Langkat - INFO BS : Pemerintah Kabupaten Langkat terus mendorong transformasi digital dalam tata kelola pemerintahan dan pelayanan publik. Salah satu langkah yang dikembangkan yakni Sistem Aplikasi Kebencanaan Terpadu Kabupaten Langkat (SIKAT), sebagai inovasi untuk memperkuat koordinasi serta mempercepat penanganan bencana.
Penguatan inovasi tersebut dilakukan melalui kegiatan Pelatihan dan Sosialisasi Proyek Perubahan Pelatihan Kepemimpinan Nasional (PKN) Tingkat II Tahun 2026. Kegiatan ini melibatkan sejumlah organisasi perangkat daerah (OPD) yang memiliki peran dalam penanggulangan bencana di Kabupaten Langkat.

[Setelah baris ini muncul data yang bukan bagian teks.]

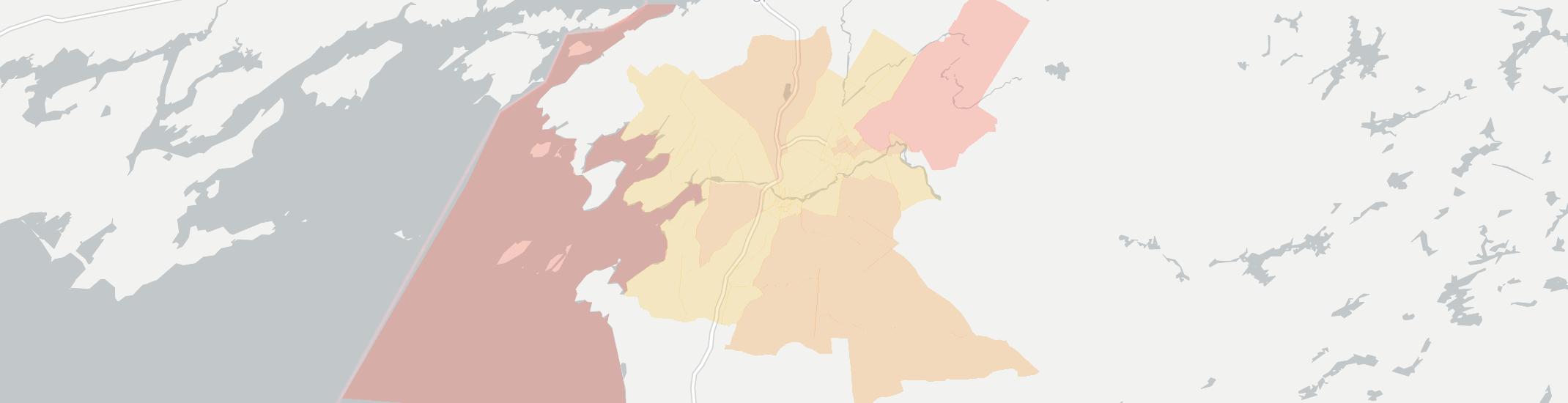 Watertown Internet Competition Map. Click for interactive map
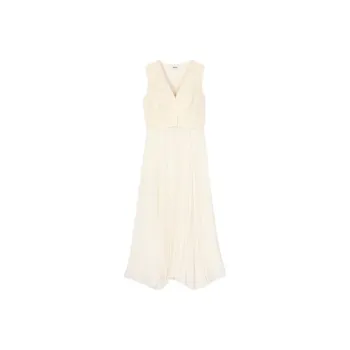 Sandro Pleated Midi Dress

Aplikasi SIKAT digagas Kepala Pelaksana Badan Penanggulangan Bencana Daerah (BPBD) Kabupaten Langkat, M. Ansyari, S.Pd., M.Kes. Inovasi tersebut dirancang sebagai bagian dari upaya membangun sistem penanganan bencana yang lebih terintegrasi, sehingga koordinasi antarinstansi dapat dilakukan secara lebih efektif.
Melalui pemanfaatan teknologi digital, informasi terkait kebencanaan diharapkan dapat dikelola secara lebih terstruktur. Data dan informasi yang dihimpun menjadi bagian penting dalam mendukung proses pengambilan keputusan, terutama ketika terjadi bencana yang membutuhkan respons cepat dari berbagai perangkat daerah.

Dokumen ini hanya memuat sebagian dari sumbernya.